English
If i: R → R' is surjective and j: M →+ M' is injective, with compatible scalar action, then lift(rank_R M) ≤ lift(rank_R' M').
Русский
Если i: R → R' сюръективно, а j: M →+ M' инъективно, и скалярные действия совместимы, то подъем ранга модуля не больше подъема ранга модуля-образа.
LaTeX
$$$\operatorname{lift}(\operatorname{rank}_R M) \le \operatorname{lift}(\operatorname{rank}_{R'} M')$$$
Lean4
/-- If `M / R` and `M' / R'` are modules, `i : R → R'` is a surjective map, and
`j : M →+ M'` is an injective monoid homomorphism, such that the scalar multiplications on `M` and
`M'` are compatible, then the rank of `M / R` is smaller than or equal to the rank of `M' / R'`.
As a special case, taking `R = R'` it is `LinearMap.lift_rank_le_of_injective`. -/
theorem lift_rank_le_of_surjective_injective (i : R → R') (j : M →+ M') (hi : Surjective i) (hj : Injective j)
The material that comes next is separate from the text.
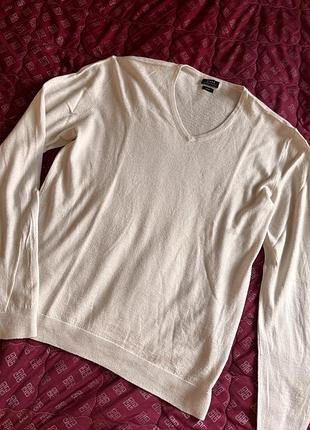 Джемпер merino wool,silk розмір м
(hc : ∀ (r : R) (m : M), j (r • m) = i r • j m) : lift.{v'} (Module.rank R M) ≤ lift.{v} (Module.rank R' M') :=
by
obtain ⟨i', hi'⟩ := hi.hasRightInverse
refine lift_rank_le_of_injective_injectiveₛ i' j (fun _ _ h ↦ ?_) hj fun r m ↦ ?_
· apply_fun i at h
rwa [hi', hi'] at h
rw [hc (i' r) m, hi']